Your objective: Set down again, exactly and only, the lines from the one that contains "Make Up Hạ Thiên" through the last line of the records below, both included, but not the pictures.

Dataset excerpts:
-------------------------

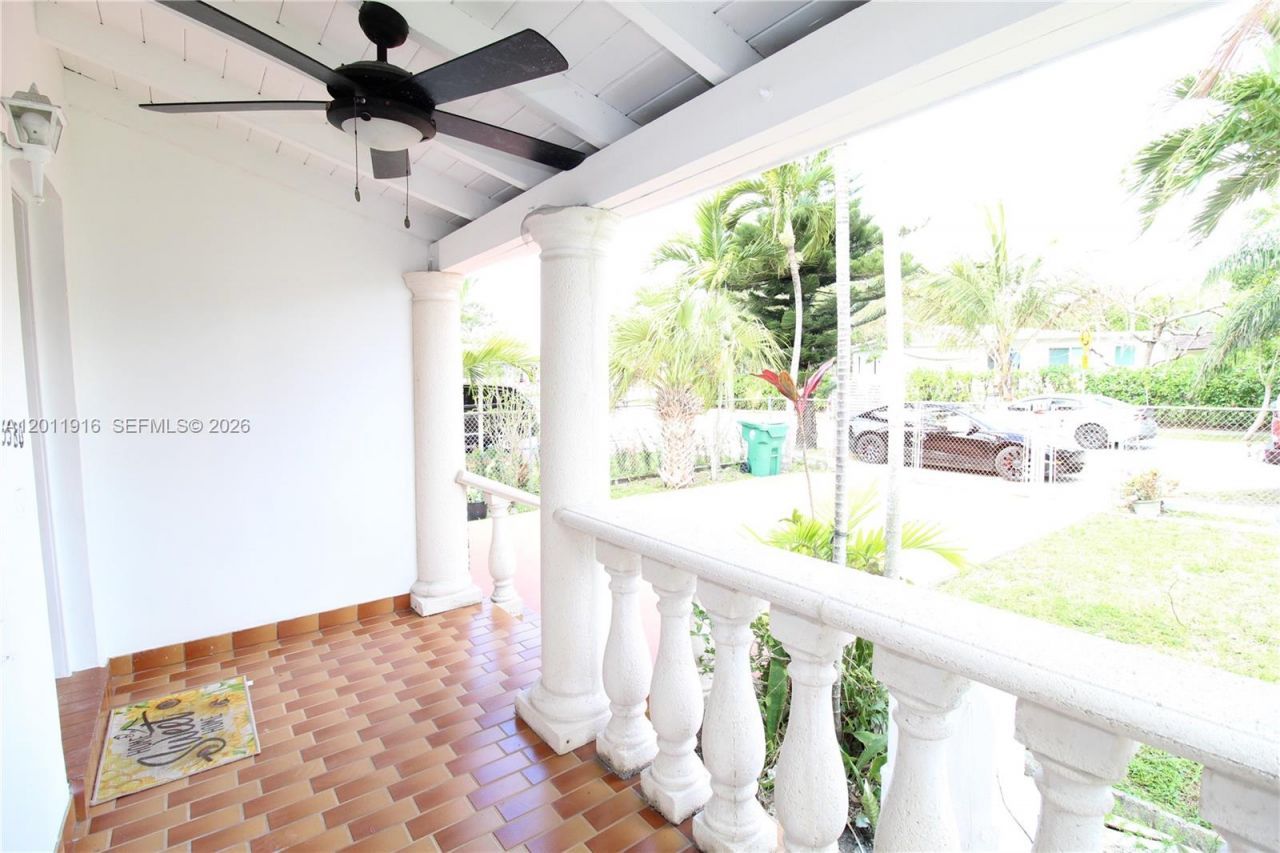 5580 SW 2nd St , Unit 1, Miami, FL 33134 Photo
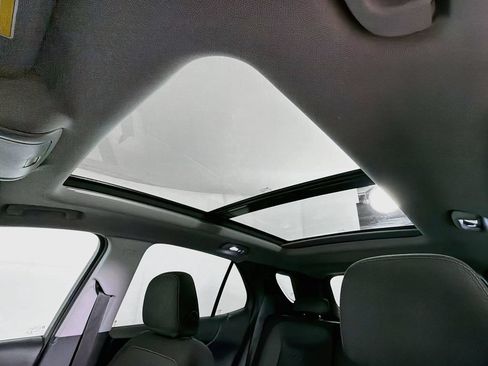 Used 2018 Chevrolet Equinox LT w/ Sun & Infotainment Package AWD/4WD image 21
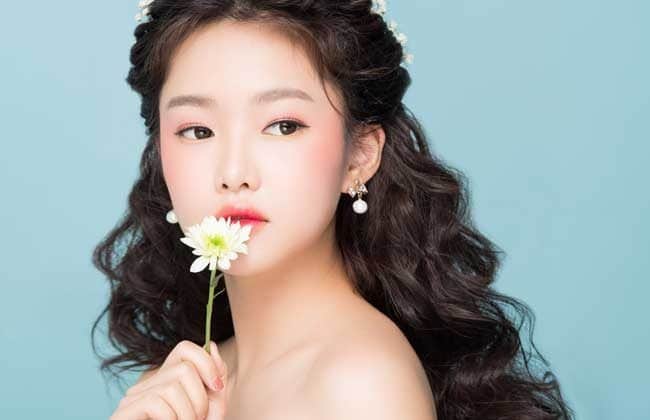 Make Up Hạ Thiên là Top 10 Tiệm trang điểm cô dâu đẹp nhất tại TP. Hồ Chí Minh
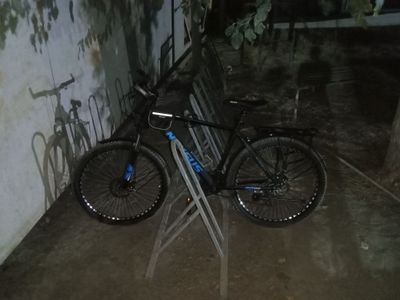 Neksus velosiped sotiladi
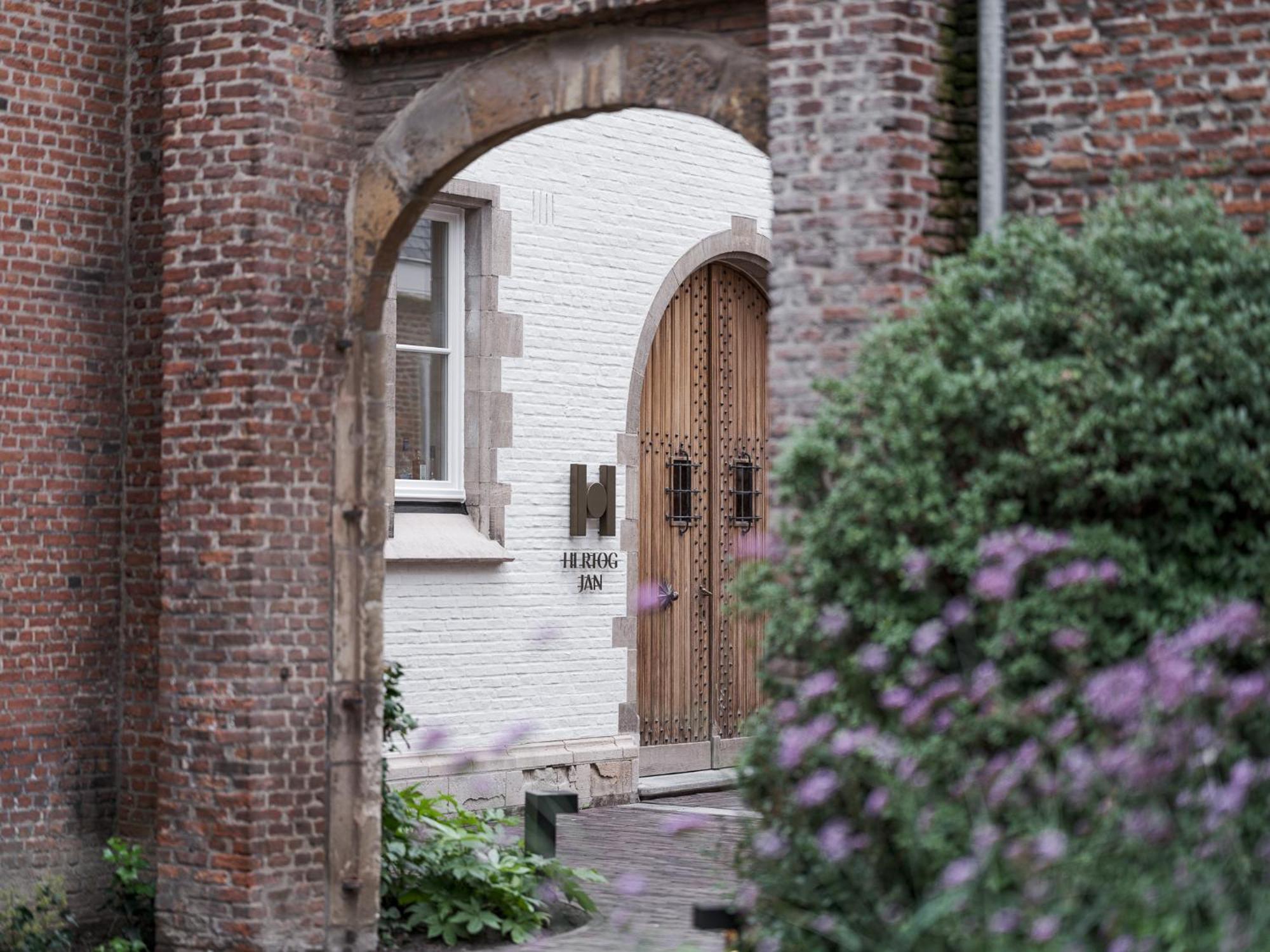 Botanic Sanctuary Antwerp - The Leading Hotels Of The World Exterior foto The gatehouse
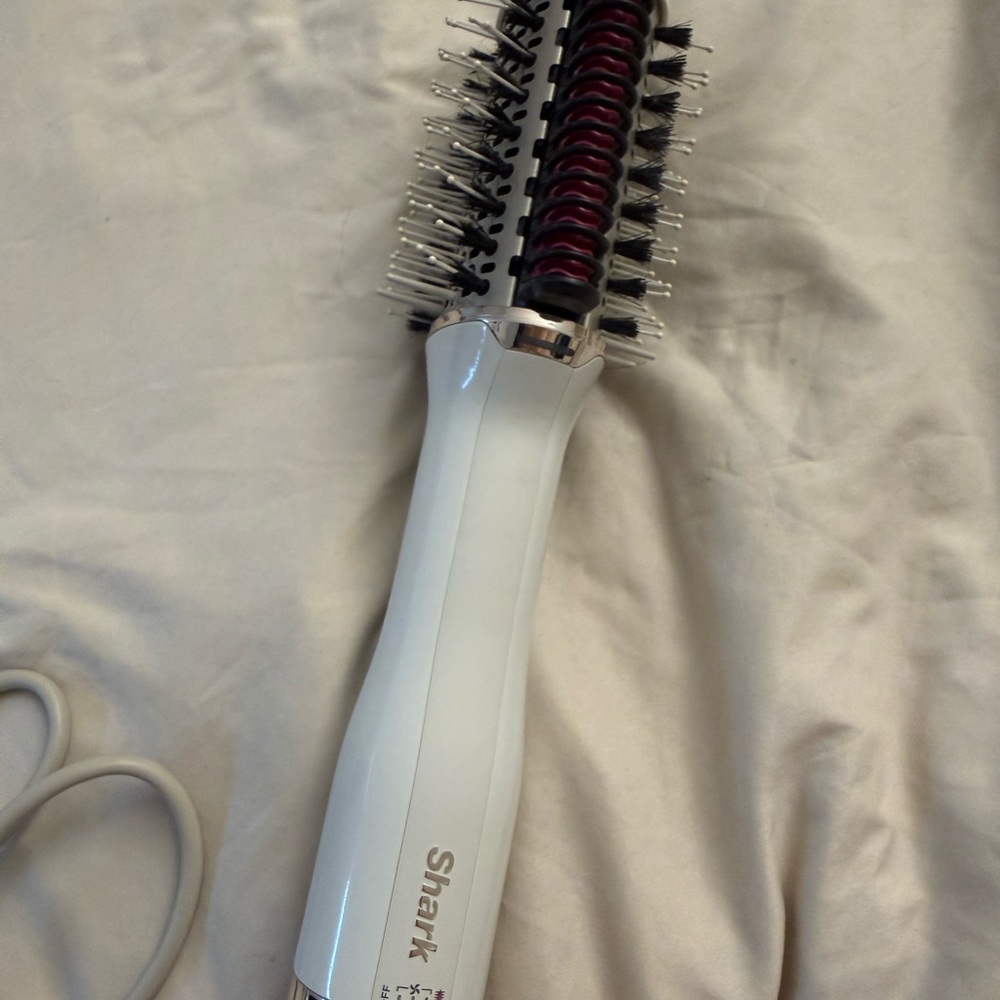 Shark Smoothstyle heated brush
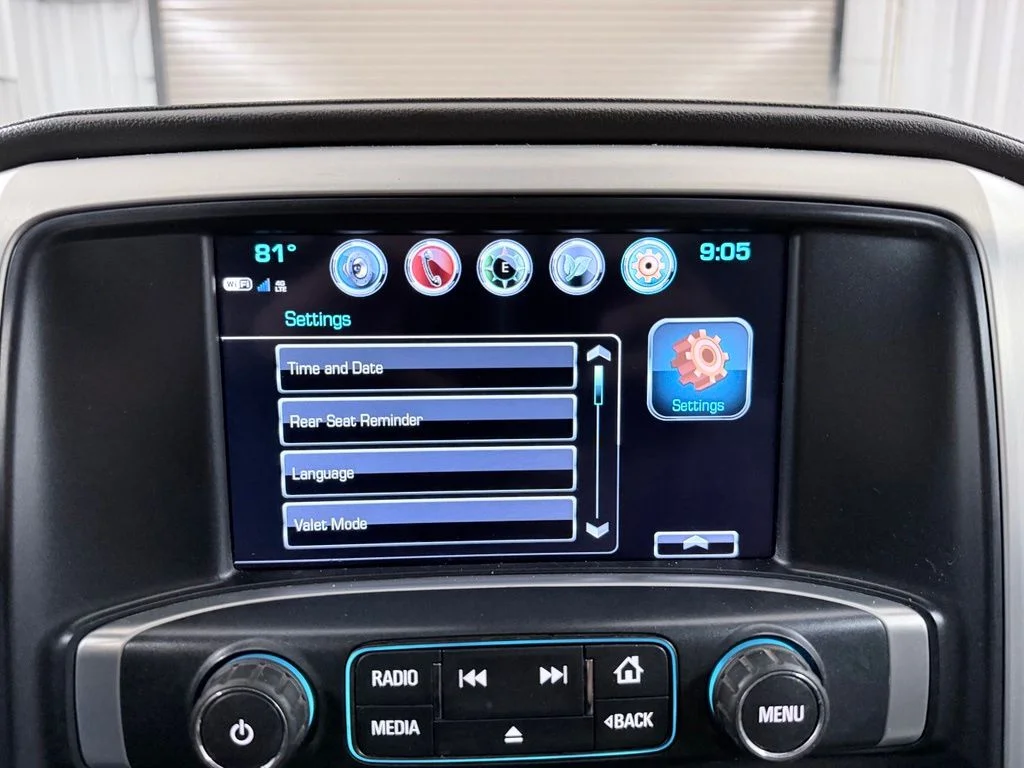 Used 2018 Red GMC SLT image 18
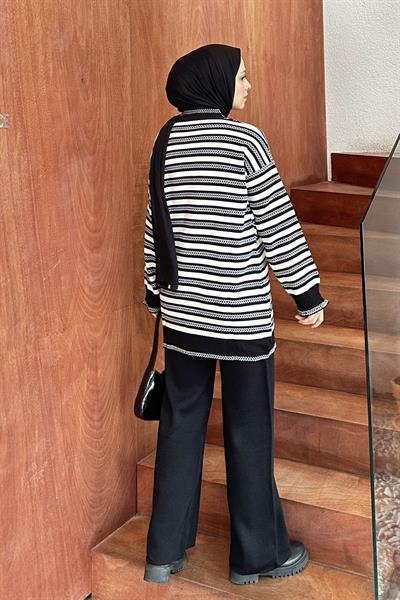Çizgili Yan Düğme Detaylı Triko Takım Siyah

-------------------------

Worked solution:
 Make Up Hạ Thiên là Top 10 Tiệm trang điểm cô dâu đẹp nhất tại TP. Hồ Chí Minh
 Neksus velosiped sotiladi
 Botanic Sanctuary Antwerp - The Leading Hotels Of The World Exterior foto The gatehouse
 Shark Smoothstyle heated brush
 Used 2018 Red GMC SLT image 18
Çizgili Yan Düğme Detaylı Triko Takım Siyah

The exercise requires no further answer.